### Exercise brief
Look through the entries below for the line with "Foto 3ª: Centralita" and the line with "Used Audi A5", then give again exactly those two lines and all lines between them, minus the pictures.

### Data supplied
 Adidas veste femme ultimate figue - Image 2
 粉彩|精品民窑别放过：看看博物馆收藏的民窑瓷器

---

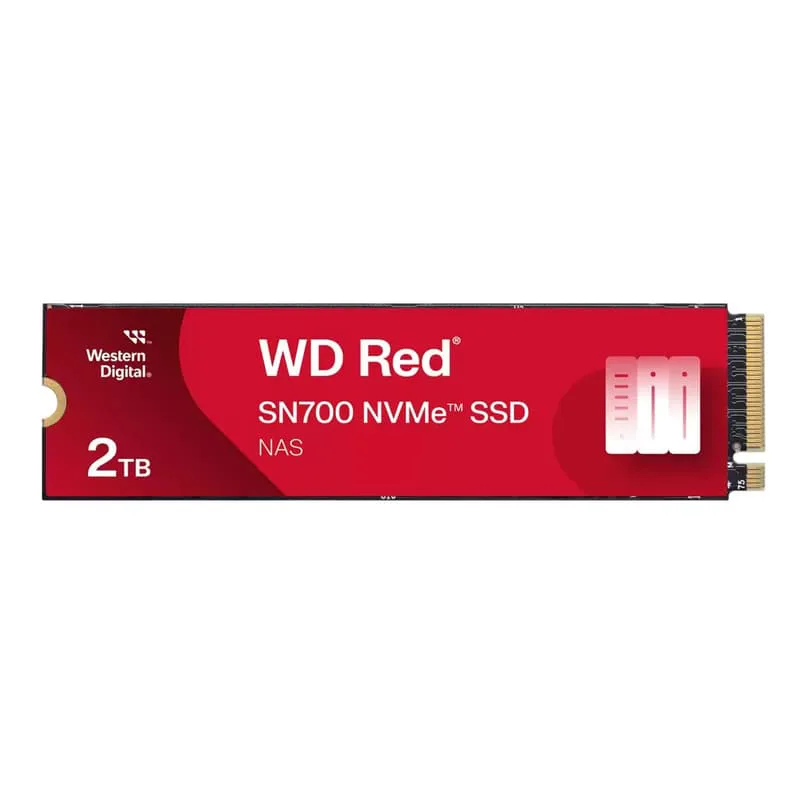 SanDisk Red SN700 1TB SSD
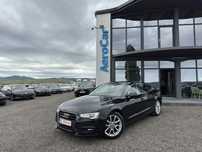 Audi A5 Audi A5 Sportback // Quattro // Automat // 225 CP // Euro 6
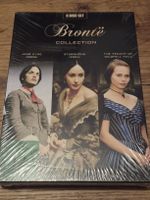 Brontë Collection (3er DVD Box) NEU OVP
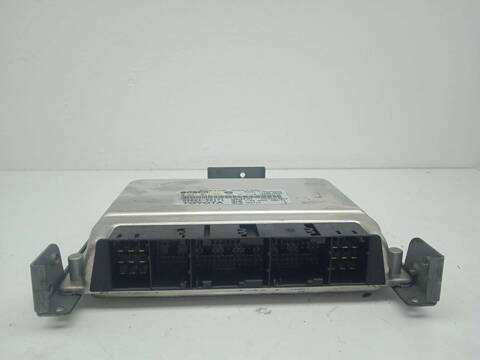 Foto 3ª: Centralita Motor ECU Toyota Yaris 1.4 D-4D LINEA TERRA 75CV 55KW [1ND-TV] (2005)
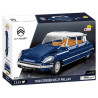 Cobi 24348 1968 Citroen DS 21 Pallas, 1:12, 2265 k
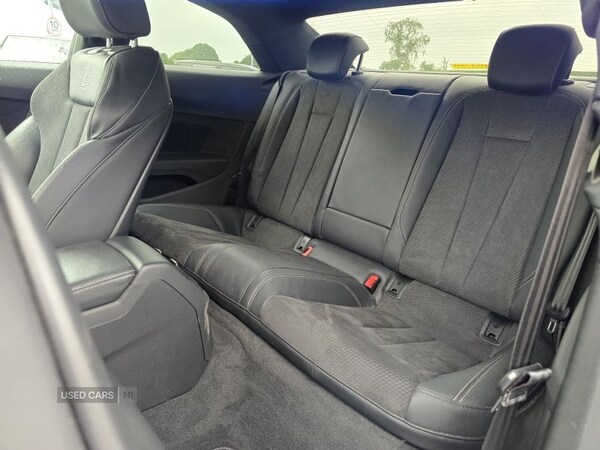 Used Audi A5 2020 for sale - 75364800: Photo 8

### Exercise solution
 Foto 3ª: Centralita Motor ECU Toyota Yaris 1.4 D-4D LINEA TERRA 75CV 55KW [1ND-TV] (2005)
 Cobi 24348 1968 Citroen DS 21 Pallas, 1:12, 2265 k
 Used Audi A5 2020 for sale - 75364800: Photo 8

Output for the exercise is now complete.